**** MATERIAL SUPPLIED

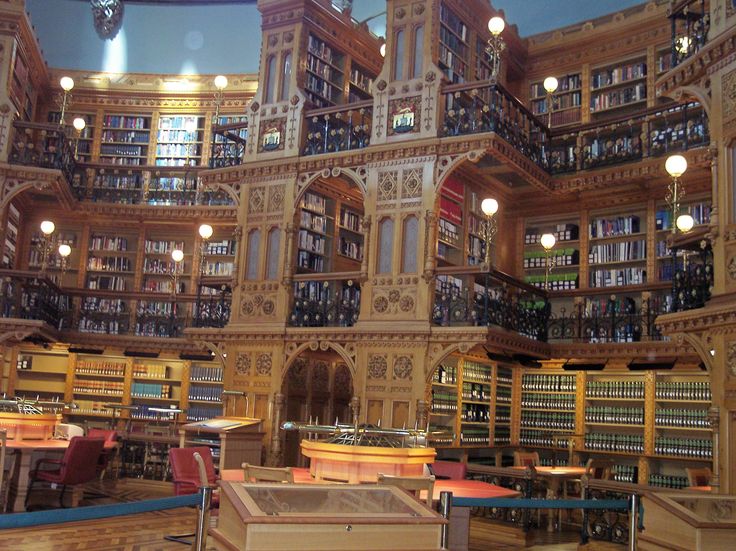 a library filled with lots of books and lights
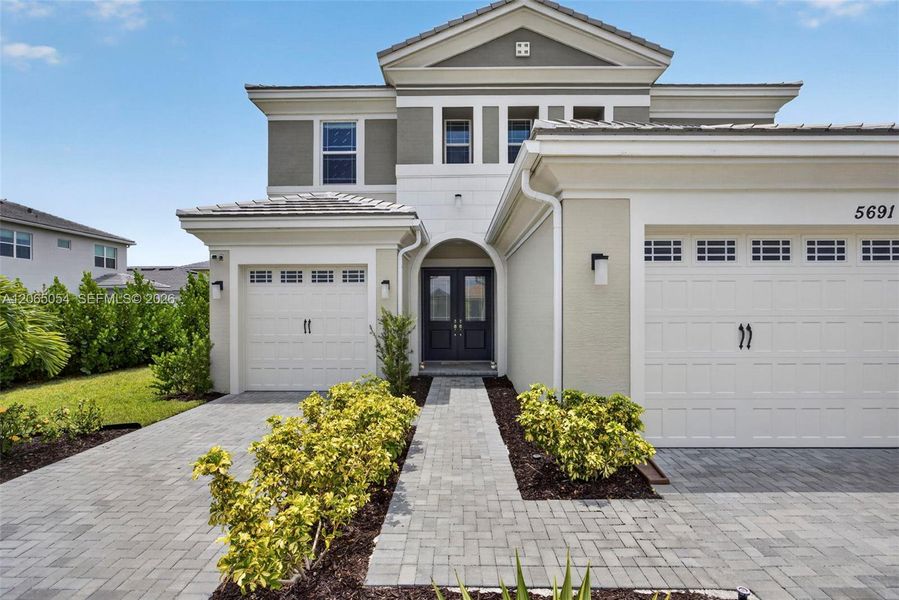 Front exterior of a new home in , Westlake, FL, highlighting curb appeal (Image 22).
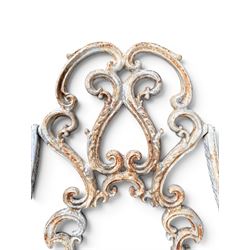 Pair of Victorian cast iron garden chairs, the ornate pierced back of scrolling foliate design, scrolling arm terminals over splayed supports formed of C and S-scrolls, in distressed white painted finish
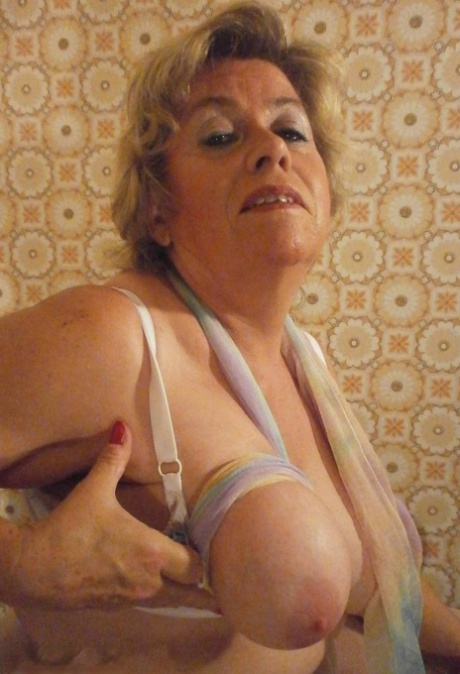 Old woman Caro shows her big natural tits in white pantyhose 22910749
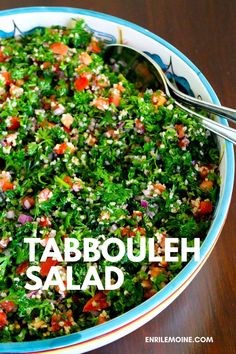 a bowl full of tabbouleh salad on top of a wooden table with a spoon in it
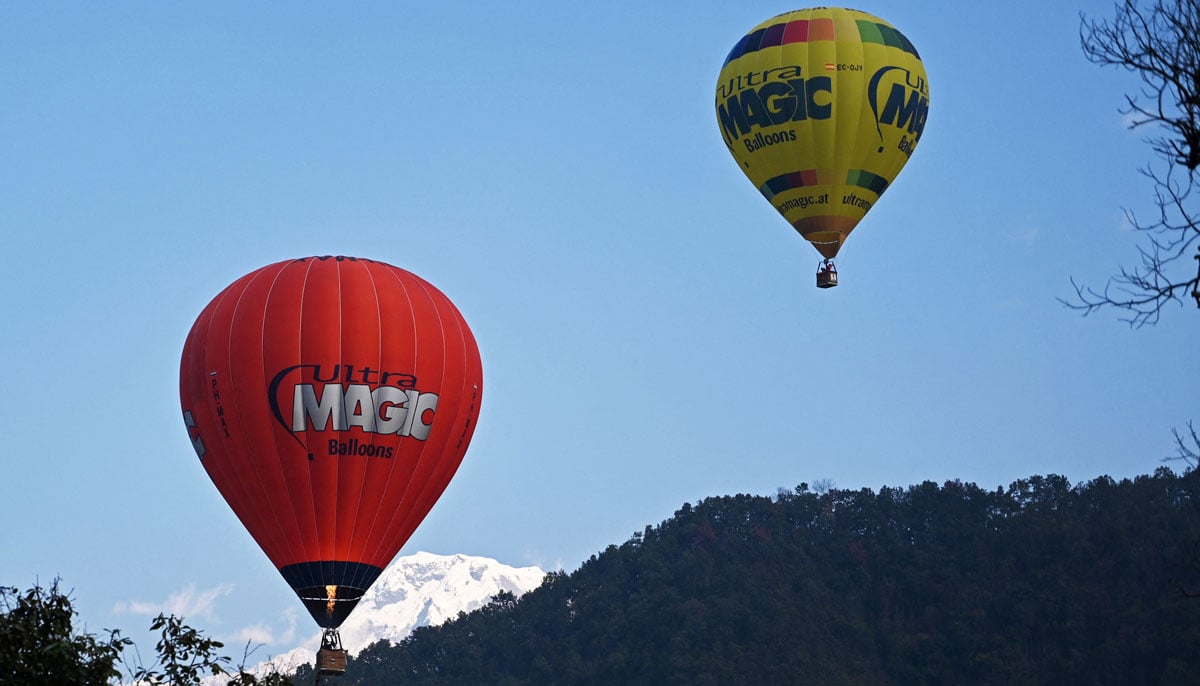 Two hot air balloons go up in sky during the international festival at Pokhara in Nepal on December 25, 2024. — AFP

********
**** MATERIAL SUPPLIED

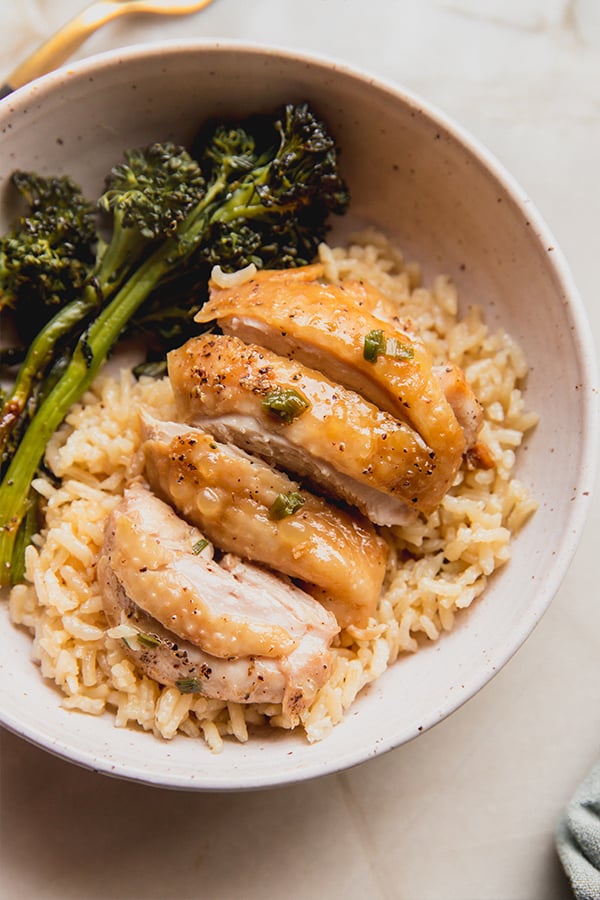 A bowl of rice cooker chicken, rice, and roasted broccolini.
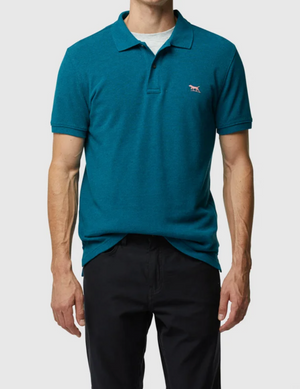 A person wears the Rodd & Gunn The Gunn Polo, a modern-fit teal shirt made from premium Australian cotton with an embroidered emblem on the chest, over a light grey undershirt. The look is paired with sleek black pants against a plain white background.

********
**** MATERIAL SUPPLIED

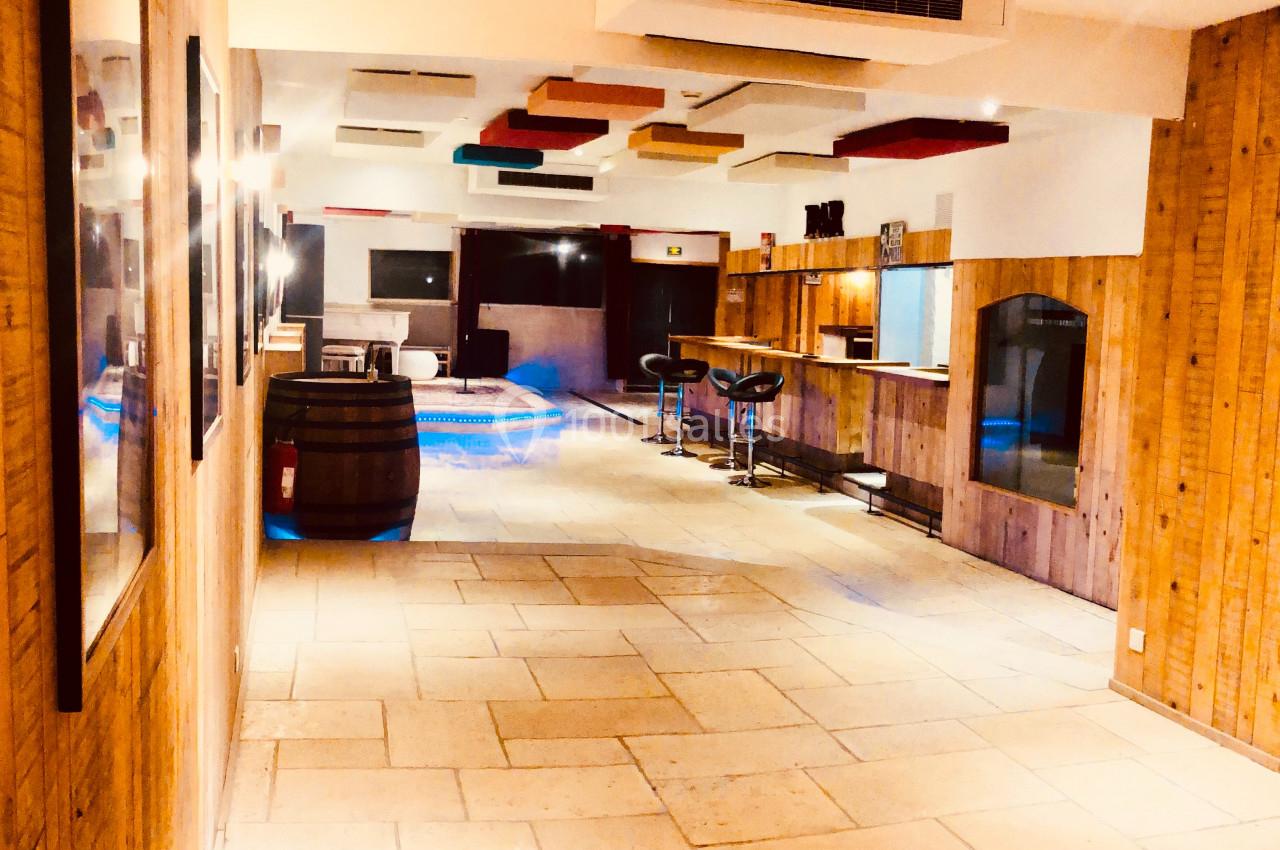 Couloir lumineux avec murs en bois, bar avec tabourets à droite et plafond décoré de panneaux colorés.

********

▶ [WHAT YOU ARE ASKED TO DO]
From the records above, output only the lines starting at the one containing "Front exterior of" and ending at the one containing "Two hot air", word for word. Pictures stay out.

▶ [FINAL ANSWER]
 Front exterior of a new home in , Westlake, FL, highlighting curb appeal (Image 22).
 Pair of Victorian cast iron garden chairs, the ornate pierced back of scrolling foliate design, scrolling arm terminals over splayed supports formed of C and S-scrolls, in distressed white painted finish
 Old woman Caro shows her big natural tits in white pantyhose 22910749
 a bowl full of tabbouleh salad on top of a wooden table with a spoon in it
 Two hot air balloons go up in sky during the international festival at Pokhara in Nepal on December 25, 2024. — AFP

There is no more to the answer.